Friday

A tribute to my father, MICHAEL H. NEUMARK 4/28/06

today, april 28th, 2006 is a weird day for me. it was the last day, one year ago, that my father was alive. it's strange for me to think that i haven't seen my dad in a year. a whole year! that's the longest it's ever been and it's only going to get longer. i remember i kept doing that with each month that past after he died. "wow, it's been a month since i've seen him...then 2 months...then 3 etc, etc, etc." i've learned a lot this year starting with the fact that grieving is not linear - meaning, yes, it does get progressively "easier" with time but it is more like riding space mountain at disneyland than driving through the plains of the southwest. you could be riding along smoothly and then wham! you drop 60 feet in .5 seconds. jarring, unexpected, scary and often painful. as far as my emotions go, something i used to keep so bottled inside of me, under my "control", i have learned to expect the unexpected.

I re-read my journal last night from an entry a year ago. i talked to my brother on the phone this morning and he said he'd been having all of these random flashbacks this whole week. not about the "end" but rather silly and uneventful memories of day-to-day life with my dad...a favorite burger joint he would take us to....his "Sam and Ann" stories (stories he would make up about the adventures that a brother and sister had together)....stuff like that. it made me smile to recall those things when jack (my bro) brought them up. i guess that's what they mean when they say you keep a person alive in your memories of them.

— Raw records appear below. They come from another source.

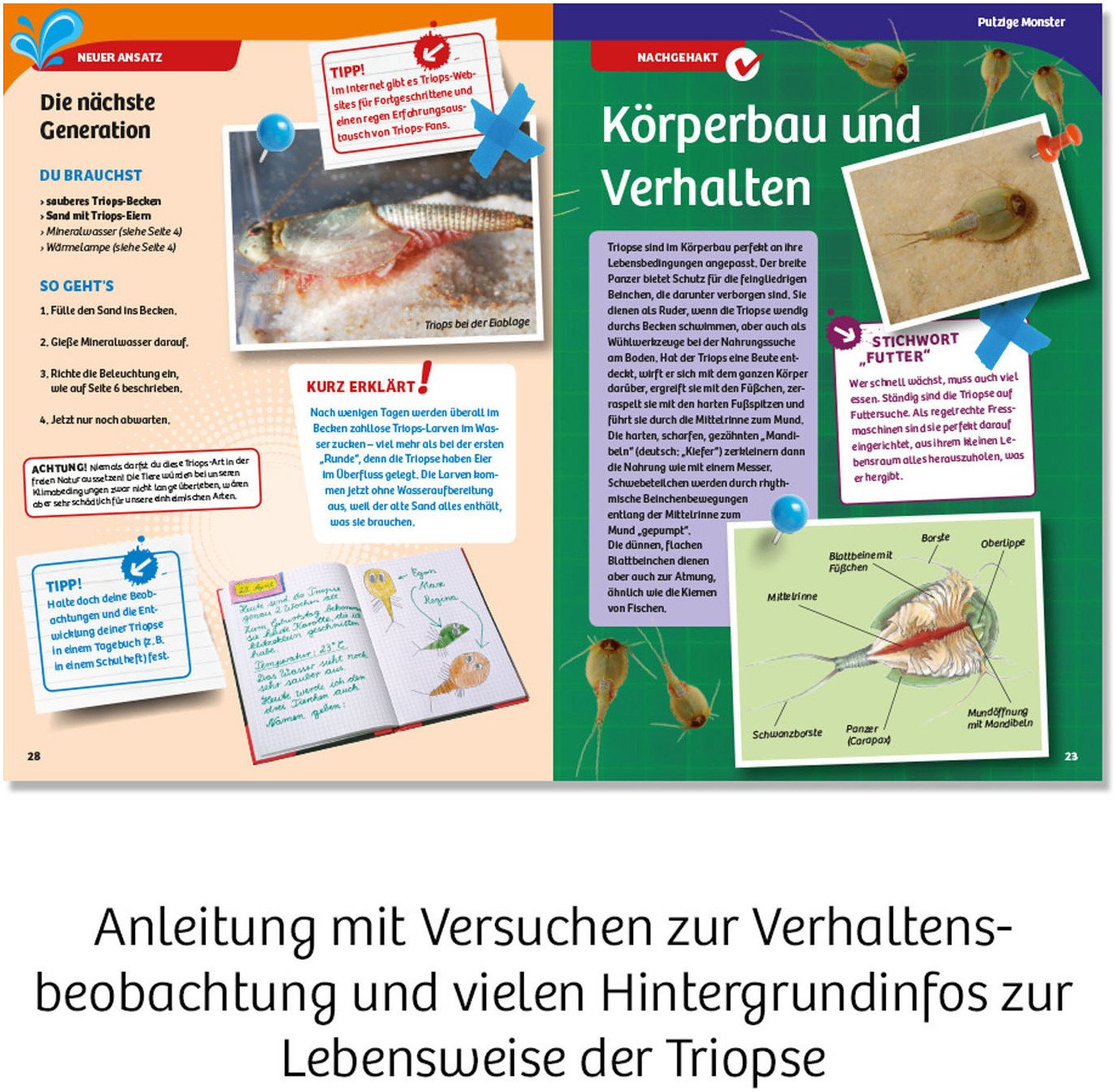 Kosmos Experimentierkasten Triops-Welt, Made in Germany – Bild 5 von 5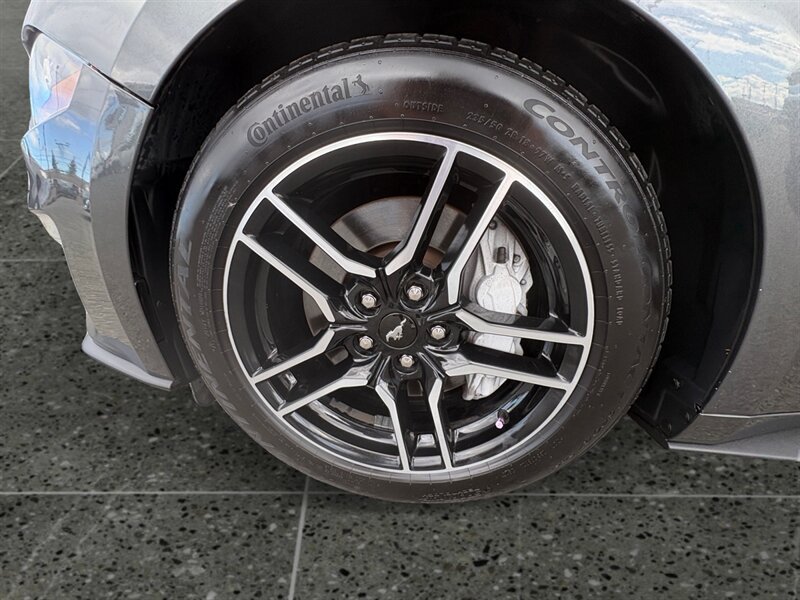 Used 2019 Ford Mustang GT Premium w/ Equipment Group 401A RWD image 15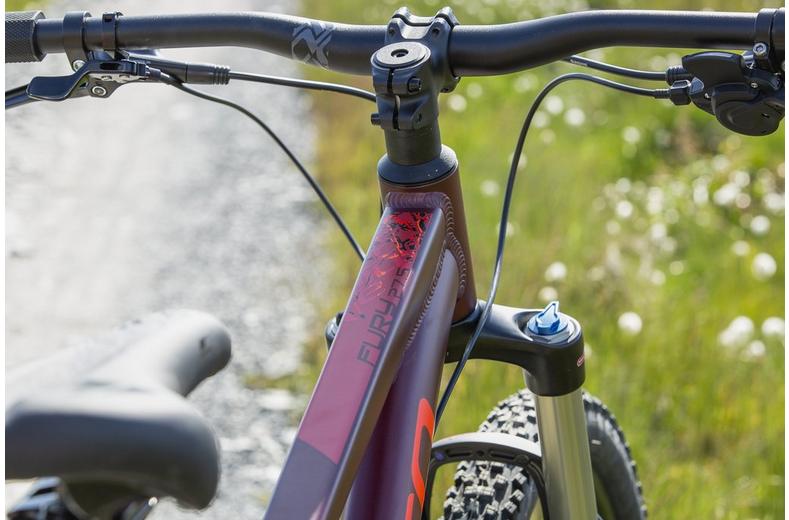 Carrera Fury Mens Mountain Bike - Red - S, M, L Frames Carrera Fury Mens Mountain Bike - Red - S, M, L Frames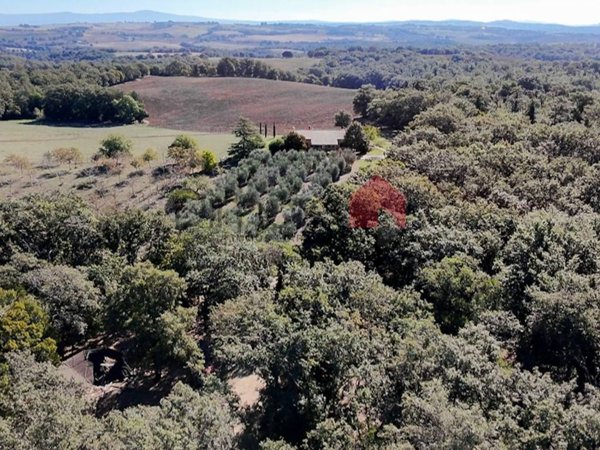 casa indipendente in vendita a Tarquinia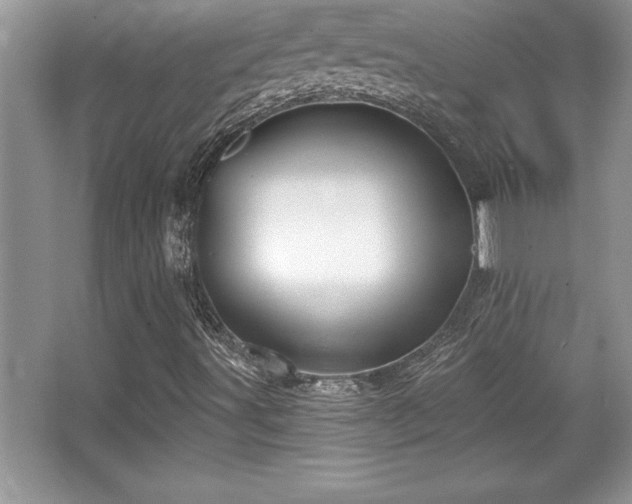 X0000067371491200604031019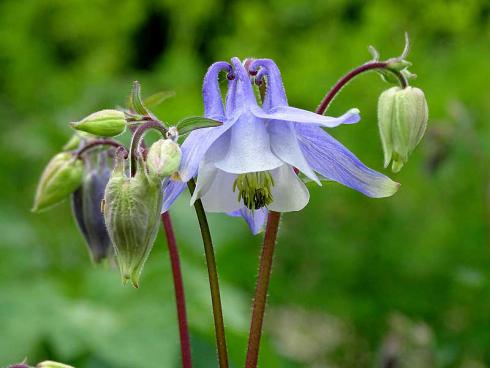 Im Vollfrühling haben Akelei (Aquilegia) ihren großen Auftritt. Sie vertragen Sonne und Halbschatten. Ihre kunstvoll geformten Blütenhütchen sind bei Hummeln sehr beliebt. (Bildnachweis: GMH/Bettina Banse)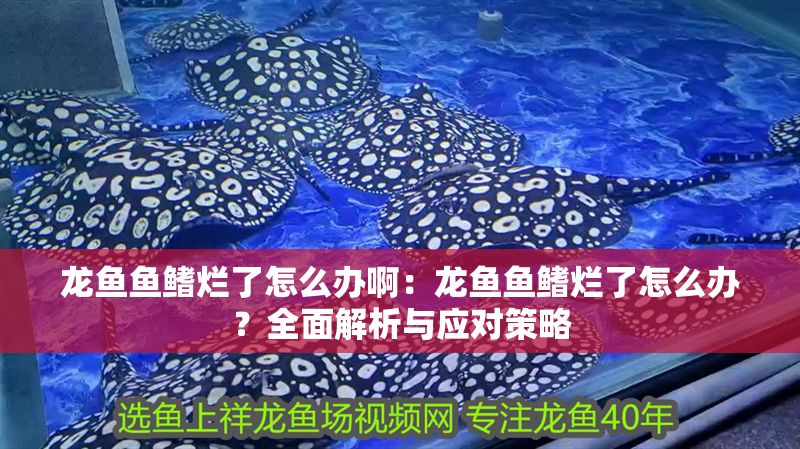 龍魚魚鰭爛了怎么辦啊：龍魚魚鰭爛了怎么辦？全面解析與應(yīng)對策略
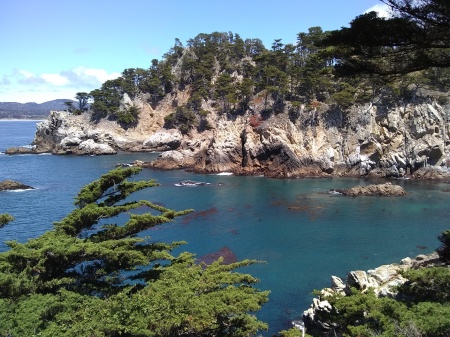 Point Lobos, June 2021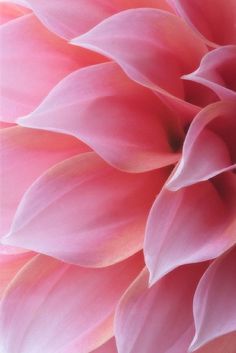 a close up view of a pink flower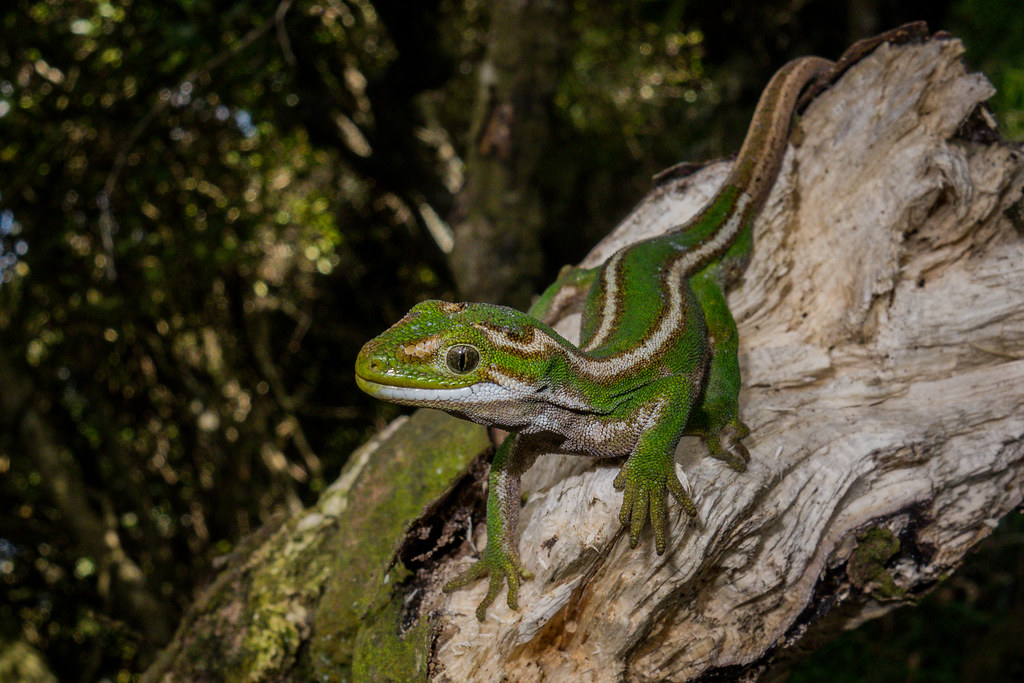 Jewelled gecko (Naultinus gemmeus)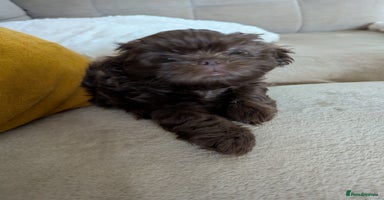 Shih Tzu dogs - Advert 13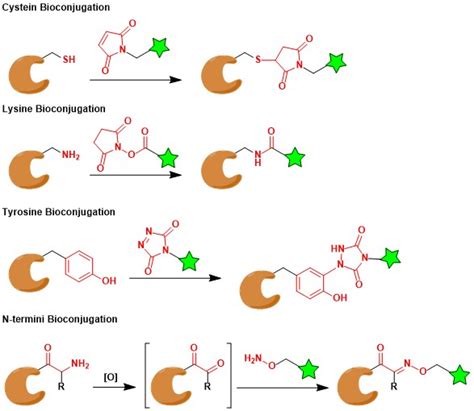 Bioconjugation Chem Station Int Ed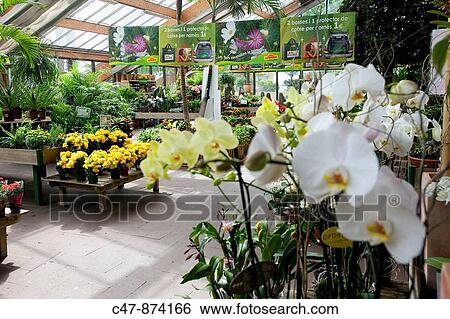 Spain, Mataro, Barcelona province, Garden Center View Large Photo Image Stock Photograph - Spain, Mataro, Barcelona province, Garden Center. Fotosearch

as i approach this evening (his time of death was a little after midnight EST on the 28th...technically the 29th) i am a little bit hung up on what i will be feeling between the hours of 9pm-10pm PST....that will be the hour, one year ago today, that we all (my mom and my brother and I) sat around in my parents bedroom waiting for hospice to come and pronounce him dead. his body lay peacefully in the bed while we all sat on the floor in a haze of relief and shock and sadness, our minds trying so hard to wrap themselves around what all of this meant. it was the middle of the night and apparently there were alot of folks releasing themselves and passing on, so it took hospice and the funeral home a couple of hours to get there. around 5am, all of the procedural things had been done and my father's body was en route to the funeral home. we all sat there, exhausted and wide awake, staring blankly at one another when jack made a suggestion. "Let's go drive past our past two houses and then go get breakfast at Bob Evans (a local diner). it seemed like the perfect idea and it's just what we did. i just may have to go eat breakfast at a greasy diner tomorrow morning...anyone care to join? ;)

it's funny how in some ways it seems like yesterday and in others - a lifetime ago. Dad, this day is for you - a day to celebrate who you were and the memory of you that lives on.